First, I want to thank those who pointed me to mbin. I spent about 14 hours today with help from the mbin team on and off and found/fixed many problems.
Second, this post may not be very intelligible. I’ve been awake for a very long time.
In transparency, at one point today we were pretty convinced that fedia.io had been hacked. But it turns out that sometimes companies go out of business, cancel their servers but leave their domain pointing to that server. And sometimes a person like me is the next person to rent a server with that former customers IP address and then hilarity ensues when your nascent software recognizes that domain is pointing to itself and starts remaining links using the former company’s domain.

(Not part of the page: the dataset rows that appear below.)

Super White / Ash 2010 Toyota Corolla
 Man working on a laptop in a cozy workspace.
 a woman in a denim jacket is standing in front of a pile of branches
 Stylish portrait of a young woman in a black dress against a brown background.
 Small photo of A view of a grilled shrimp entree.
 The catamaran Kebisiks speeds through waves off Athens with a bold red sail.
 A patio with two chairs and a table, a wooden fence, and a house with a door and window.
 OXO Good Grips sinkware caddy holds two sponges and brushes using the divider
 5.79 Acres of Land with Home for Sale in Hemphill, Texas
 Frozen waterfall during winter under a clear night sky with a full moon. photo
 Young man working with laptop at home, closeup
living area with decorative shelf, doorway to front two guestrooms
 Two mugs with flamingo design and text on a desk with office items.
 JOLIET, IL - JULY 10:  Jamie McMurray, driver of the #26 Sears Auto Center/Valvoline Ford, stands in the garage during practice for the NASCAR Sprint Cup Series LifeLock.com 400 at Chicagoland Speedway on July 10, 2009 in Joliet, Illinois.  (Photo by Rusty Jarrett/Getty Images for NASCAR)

During the time I thought it was hacked, I rebuilt it. In doing so, it appears that I’ve fixed many issues that accumulated over the months as kbin went through successive updates.
We did also find a nagging bug in the markdown parser Fedia was running, which caused many (perhaps most) of the remaining error 500’s. I am not clear whether that is fixed now, but if not, we know where to look.
Based on my experience today with the mbin team and the progress of fixing issues, I am fully retracting my intention to shut down Fedia.io and will start working with the mbin team on some performance issues.
Thanks for the patience, everyone.
Glad I could help! I wasn’t aware either you were giving up hope.
Since Mbin is community-focused I really hope this will result in a better connection, collaboration and both bug fixes and new features what the users and the admins wants. Again, Mbin isn’t about me, I forked it because I want to create a community build on trust giving back the control to the developers and users. You now also have GitHub owner rights on the organization as you know. We are all maintainers!